The Peace of the Un-Captured Moment
Sometimes inspiration comes at you from unusual places. In the aftermath of a migraine, I was struggling to get my mind into gear and to think of a subject for today’s post. To distract myself, I allowed myself to stray into my emails. “When do you feel most at peace?” was the subject line of an email from a genealogy website. “Interesting question,” I thought.
So that’s my question to you lovely folk this Monday. “When do you feel most at peace?” Each person’s answer and associated memories will be myriad and unique. I’m guessing you will instantly have a mind-flash of a couple of memories then more might follow if you reach further into your memory bank.
Before I go further, I guess a good question is “How do we know we’re at peace?” Perhaps we become aware of a kind of settling, pulse rate slowing, heartbeats reducing. We might feel a sense of stillness and silence – even when we are somewhere busy or noisy. (I often go to busy places to write as paradoxically, I get a huge sense of peace when I focus on my page or screen whilst hubbub is happening around me). When our mind and our body feel in synch we’re often conscious of feeling completely present with ourselves: there is nothing else other than this. It strikes me though, that moments of peace arise when we are not searching for them or when we least expect them. And often, these moments of self-peace are just that – moments. But as fleeting as those moments are they can pack a psychological impact in a way that outlives their real time.
The poet Seumas O’Sullivan (1879-1958) recounts one such moment in his poem Lark’s Song. He takes a break from his work and among the ‘vile clamour’ of Mercer Street he hears a lark ascending and follows its path in the ‘sunlit air’. He waits till he sees it dip and disappear:
Silence. Again the street is grey;
Shut down the windows. Work-a-day.
(Due to copyright rules, read the full poem here. You have to scroll down till you see Lark’s Song)
O’Sullivan’s experience is one that many of us have: the blackbird singing at dusk, the stolen half hour to read, a break in the clouds and the sun on our face. I come in the little things, said Evelyn Underhill in her poem Immanence. Being a religious/spiritual poet, Underhill was speaking about sensing a spiritual presence in the wonders of nature. I like to think of the poem also as a description of being at peace with oneself and the world.

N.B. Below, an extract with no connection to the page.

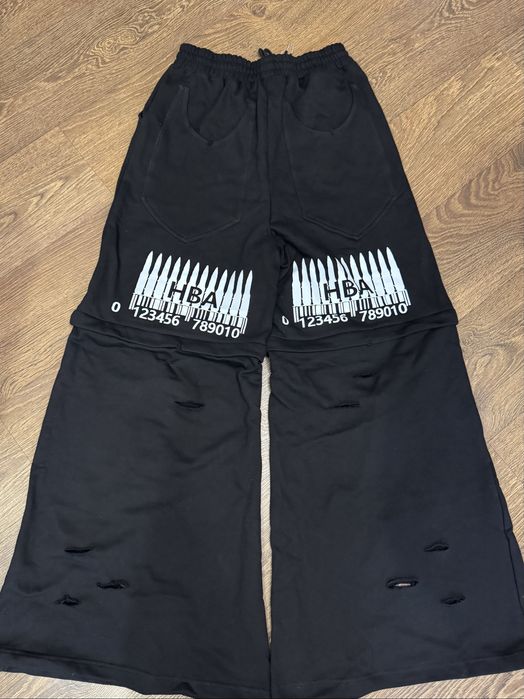 Нові HBA bootleg jeans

The Freedom of the Dropped Camera
We try so hard to be happy that we end up missing the most important parts of our lives and destroying the very peace that we are seeking.Mark Williams and Danny Penman in Mindfulness: Finding Peace in a Frantic World
For me, mindfulness is about being fully in those moments, taking the time to stop and notice – allowing myself the gift of this one moment’s peace. It’s also about not striving to capture the moment while I’m in it. It’s so tempting to take a photo or to try to push one’s mind to remember the details. I feel that the beauty of those moments is that they are un-trappable and that in trying to hold onto them we lose awareness of the very moment we are in. A few years ago on the first day of a holiday I dropped and broke my camera whilst enjoying a moment of peace in a temple. (Yes, the irony did not escape me!) After the first hour or so of being p’d off and of lamenting all the future moments I’d not be able to capture and share on social media, I suddenly, inexplicably felt free. Being able to abandon any hope of seeking the perfect image, of being in each moment as it arose, I was able to commit to them fully.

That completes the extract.